This is the lovable little cat we call Sansa. She’s a feisty but dependent girl who demands to go outside often but usually sleeps all night on our bed or the nightstands. And last Monday she went missing.
It was a nice day, the first nice day in a couple weeks and all the cats we allow outside were eager to get out. And everyone checked back in every few hours. But by the late afternoon I realized I had not seen Sansa since the morning. That’s quite unusual for her. She likes to come in for her afternoon lunch and a nap. The hours stretched on and my midnight we were still going to the back door and calling her name. There was no answer.

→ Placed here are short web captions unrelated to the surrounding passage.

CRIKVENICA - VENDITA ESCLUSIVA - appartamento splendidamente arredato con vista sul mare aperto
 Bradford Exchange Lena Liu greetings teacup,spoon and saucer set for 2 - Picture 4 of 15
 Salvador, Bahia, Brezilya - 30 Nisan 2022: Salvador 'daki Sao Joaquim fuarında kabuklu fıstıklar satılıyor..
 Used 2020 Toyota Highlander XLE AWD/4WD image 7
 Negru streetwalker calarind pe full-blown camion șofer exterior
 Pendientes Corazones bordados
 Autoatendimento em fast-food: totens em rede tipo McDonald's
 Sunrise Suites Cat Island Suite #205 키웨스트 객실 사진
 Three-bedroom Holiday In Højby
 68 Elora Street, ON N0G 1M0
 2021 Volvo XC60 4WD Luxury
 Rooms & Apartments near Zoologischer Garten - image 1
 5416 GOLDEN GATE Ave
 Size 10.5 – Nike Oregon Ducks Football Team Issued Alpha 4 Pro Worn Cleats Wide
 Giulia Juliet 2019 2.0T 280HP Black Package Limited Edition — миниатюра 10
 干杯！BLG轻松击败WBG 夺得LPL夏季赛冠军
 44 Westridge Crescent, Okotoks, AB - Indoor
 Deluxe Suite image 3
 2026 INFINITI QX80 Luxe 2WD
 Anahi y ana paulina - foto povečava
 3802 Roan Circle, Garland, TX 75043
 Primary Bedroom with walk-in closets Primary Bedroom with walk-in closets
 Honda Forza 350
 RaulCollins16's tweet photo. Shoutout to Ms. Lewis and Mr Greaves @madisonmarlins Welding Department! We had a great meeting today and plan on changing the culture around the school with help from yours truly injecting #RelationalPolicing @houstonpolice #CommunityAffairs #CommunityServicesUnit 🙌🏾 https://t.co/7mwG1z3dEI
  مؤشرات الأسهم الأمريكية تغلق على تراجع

Our cats are somewhat safe outdoors. There’s no neighbors who have a vendetta against them, the larger ones like Daniel and Sneakers take no rubbish from the dogs that wander this town, and they stick close to home. But Sansa is the smallest and has been pursued by loose hunting dogs before. She also has a tendency to crawl into any vehicle, any open door. When she wasn’t at the door the next morning it was obvious she wasn’t coming home.
My wife, who loves her pets more than anything, was in shambles. I was dealing with searing back pain and seething grief/anger. It was not a good week. Day after day and no sign of a small fat tabby with touches of caramel, a little tuft of hair springing up between her ears. If she got caught and killed by a dog, we had little chance of finding her body. If she was trapped in a garden shed, garage, or barn the likelihood of survival without water was growing thin. Humans can last three days without water. I wasn’t sure what the statistics were for felines but they couldn’t be much different. By the weekend I had given up hope. She was gone for good. I couldn’t even bring myself to write a simple post on this blog, let alone a RIP post for our gone girl.
Late Monday afternoon I was unloading the Family Truckster after a trip to our small town grocery store. There was a movement behind me and I turned in time to see a cat leap out of the thick hedge of battered Caragana beside the driveway. The cat was a brown tabby and was shrieking in a most pitiful way. I saw the tuft between the ears. Sansa.
I scooped her up. She struggled a little because she was traumatized but she stopped caterwauling as I went up the back steps. By the time I was inside the door her sides were heaving with purring. The cat smelled of dust, machinery, and motor oil. She had been trapped in a building or shed for a week. She must have gotten water in some way but she had lost a lot of weight. And now she was home.
Carjo was in bed, nursing a toothache. I brought Sansa into the bedroom and for a second she wasn’t sure which cat I was bringing in. It took a few minutes for it to sink in. Hell, I was holding her and it was just sinking in.
After a joyful reunion with her mama, Sansa ate and drank, stomped around the house purring, asked to go back out and then rolled in the driveway. She was savoring freedom. She came back inside. She went out again to stampede across the lawn. By sundown she settled down and crashed on the loveseat beside Carjo. When we were getting ready for bed she went into the bedroom and was asleep before we got into bed. She laid between us for half the night and then left the bed, probably for a snack. She came back and settled next to Carjo, sleeping safe and sound.
Today she’s been in and out. It might take her awhile to get back to her fighting weight but she’s working on it. Her “sister” Arya appears quite relieved and is keeping a close eye on her. The house is back to normal. And now I can tell the tale.